Adventures: October 2017

WESTERN CAPE, SOUTH AFRICA

Justin Hawthorne

The Table Mountain National Park formed the focus of my October month. Always a mixed bag of weather, which meant plenty last minute plans for outdoor adventures.

I spent a day on the southern Twelve Apostles range walking some of my favourite routes on Table Mountain, with a special emphasis on mammal observations. This I achieved. Another aspect was to look out for a tube of SPF50 sunscreen which had slipped out the side pocket of my rucksack on a previous hike. This I did not achieve.

The beauty about hiking in this part of the mountain is that it is typically very quiet – often you see & hear nobody. For the most part this was true: a dog walker near the Suikerbossie access, as well as a father & son rock climbing in the Eureka Face vicinity. Otherwise…silence.

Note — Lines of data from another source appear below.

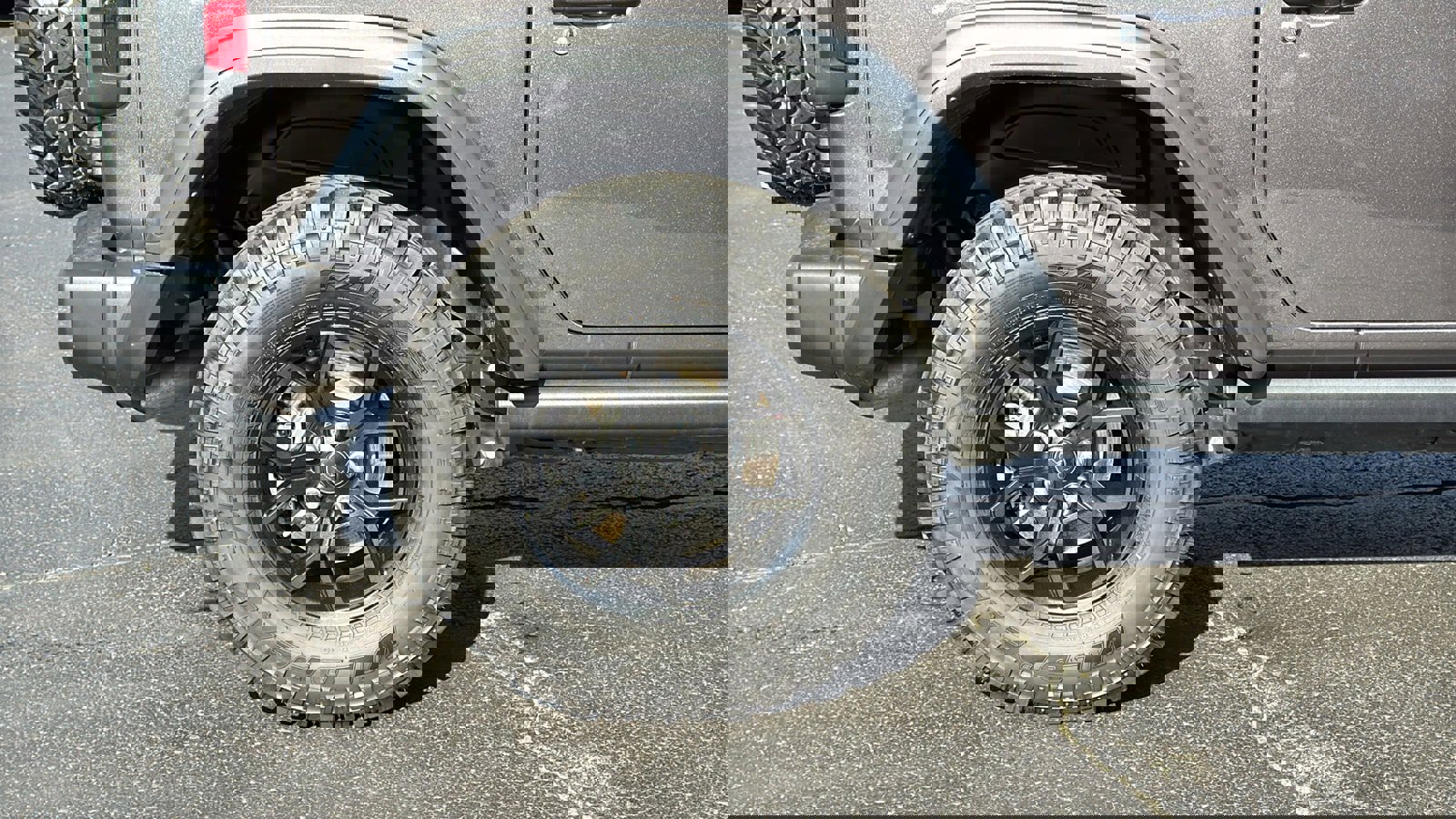 Certified 2025 Jeep Wrangler Sport image 6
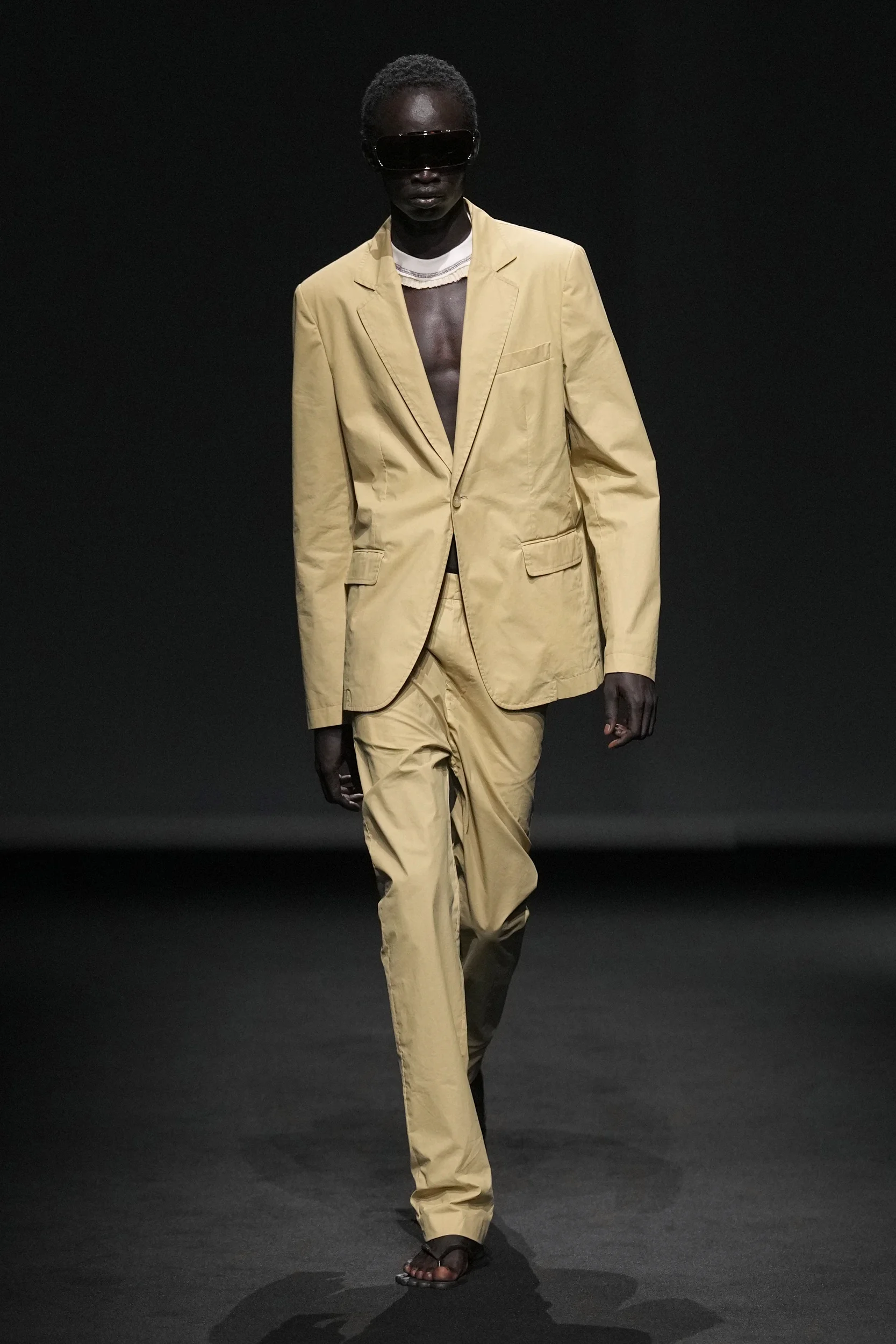 2027年春夏コレクション_MM6 Maison Margiela(エムエム6 メゾン マルジェラ)_モデル_10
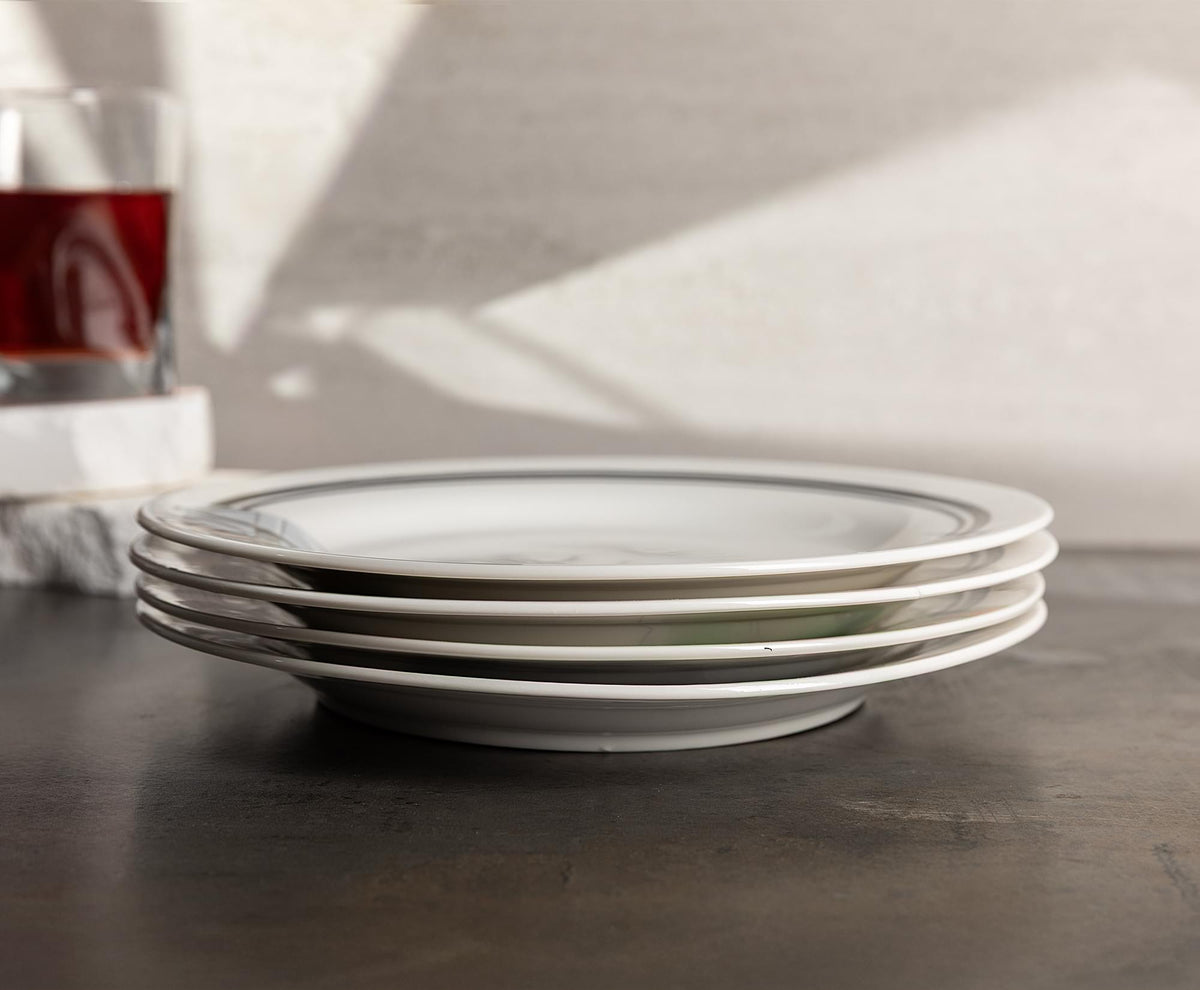 Star Wars: The Mandalorian Mando and Grogu 4-Piece 8-Inch Dinner Plate Set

I’ll intentionally plan to be descending around sunset, where the late afternoon light works its golden magic on the mountainside. The image above tells that story with the view over Llandudno.

Rivers of Table Mountain

With quite a number of wet weather days during the month, I made an effort to go for a few hikes along Table Mountain’s streams. The Liesbeek River is always a good bet for seeing a strong running river. The waterfalls high up in Window Gorge can be seen when driving on the M3, and they’ll tell you just how much water fell on the mountain.

Possibly the most dramatic day of October had to be when the #12ApostlesFire broke out near Bakoven / Camp’s Bay. I was leading a hike on the mountain that afternoon when we realised that there was a fire in the vicinity. We luckily were upwind, and out of harms way so we could proceed as planned. Out destination afforded us a brilliant overview of the fire, and we spent some time observing things before continuing our hike – governed by sunset.

Satyrium carneum

Earlier this year the South Peninsula was affected by a big fire which swept over Red Hill and Black Hill, burning between Ocean View and Simon’s Town. The fire was fanned by a strong westerly wind, and damaged private property. This spring has of course resulted in some beautiful displays of young blooms, orchids such as this Satyrium carneum have sprung up all over the sandy open slopes. Next year this time will look even more spectacular! The walking is easy, on flat and gentle terrain, so it really is a place you can just take a stroll spontaneously – without needing to pack you mountain hiking gear for a long day out. Tip: make an effort to head there now, or next year between August – November!

*A monthly series of four highlights from my work and play, shared via all social platforms.